When the CDN was slow, every user noticed and thought your website was slow.
You gave away free analytics and made your website worse, there wasn't even a trade off.
Supply chain attacks will cause catastrophic damages and massive internet problems one day, as they have. DDoS/outages to the cdn js/resource suppliers and websites come to a standstill. why not host your own .js files? lazy upkeep?
I don't have a solutions for it all, but better to think about solutions now than when solutions are needed because a massive hack happened at some point.
Still, I see the allure of having someone else cdn for you. They have a significantly better serving system than many of us, and it's traffic we don't have to serve.
A naive usage of cdn will have both information-leak problems and expose a security issue, as described in the article. But.
You can basically eliminate the information-leak problem by using a restrictive referrerPolicy (which can be set on fetch or a <script> tag). This will quite effectively blind the cdn to where specifically the traffic is coming from.
You can eliminate the security risk by specifying a subresource-intergrity for your assets. This will prevent the CDN from modifying the file from what you expect.
One security flaw and thousands are affected.

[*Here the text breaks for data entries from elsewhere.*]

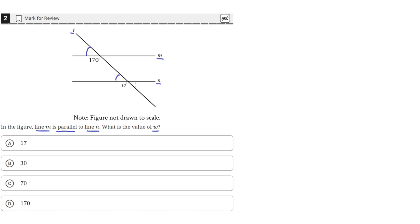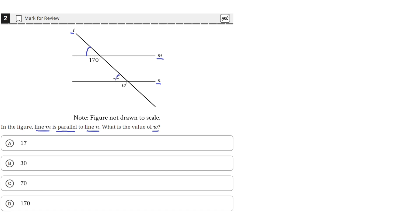You can tell if they're corresponding when a transversal, like line T, intersects two lines by mentally moving this region or this intersection onto this one and seeing which angles overlap. So, these two angles here would overlap, so these are corresponding.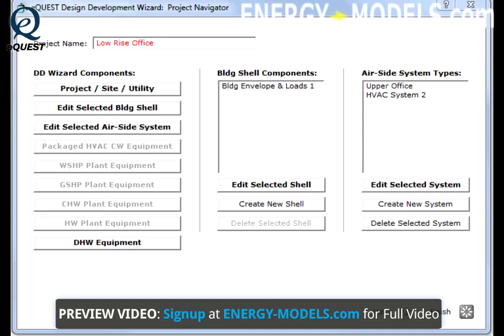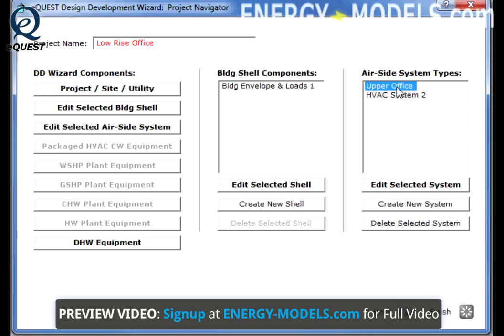Equipment setup is very natural in the Schematic Design Wizard since the appropriate screens are displayed automatically and the process is very linear. In the Design Development Wizard, it's very similar but the process is not quite linear. As previously discussed, to activate the appropriate plant buttons, the corresponding system type must first be selected under the first system listed.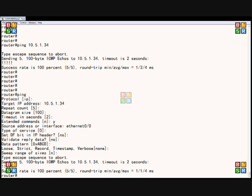If I could not ping from the Ethernet 0 slash 0 interface, which is on the 172 network, then that means routing is not working properly. But because I could, that means everything is set up as it should be.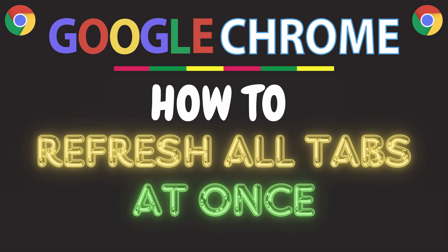This is going to be a video tutorial on how to refresh all of your tabs at once in the Google Chrome web browser. I will be using a desktop PC for this.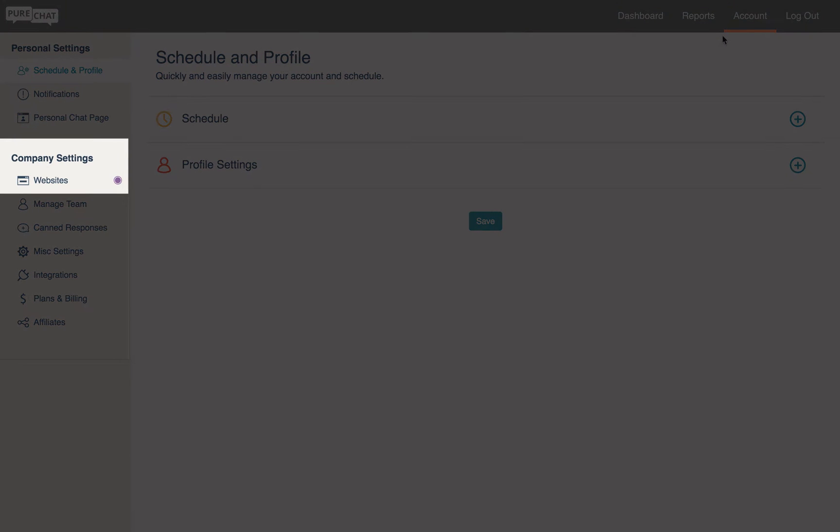Admins can also customize their chat box from this area, but we'll talk more on that in another video.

Maybe back to on prem would be better.
I know this is not how most sites operate these days, but consider that your visitor wants to visit you and getting your website. Whenever you embed stuff from other servers you not only gift away your user-data and breach their trust, you just doubled your attack surface and lowered the reliability of your site. And for what exactly?
My suspicion is that developers find it easier to paste a CDN include than downloading the file and including it themselves. Because performance my ass.
That's a bit like that cookie notice thing. Guess what: if you don't collect personal data and store it on your users computer, you don't need to ask them for consent and suddenly your site looks a lot cleaner and needs to deliver less data.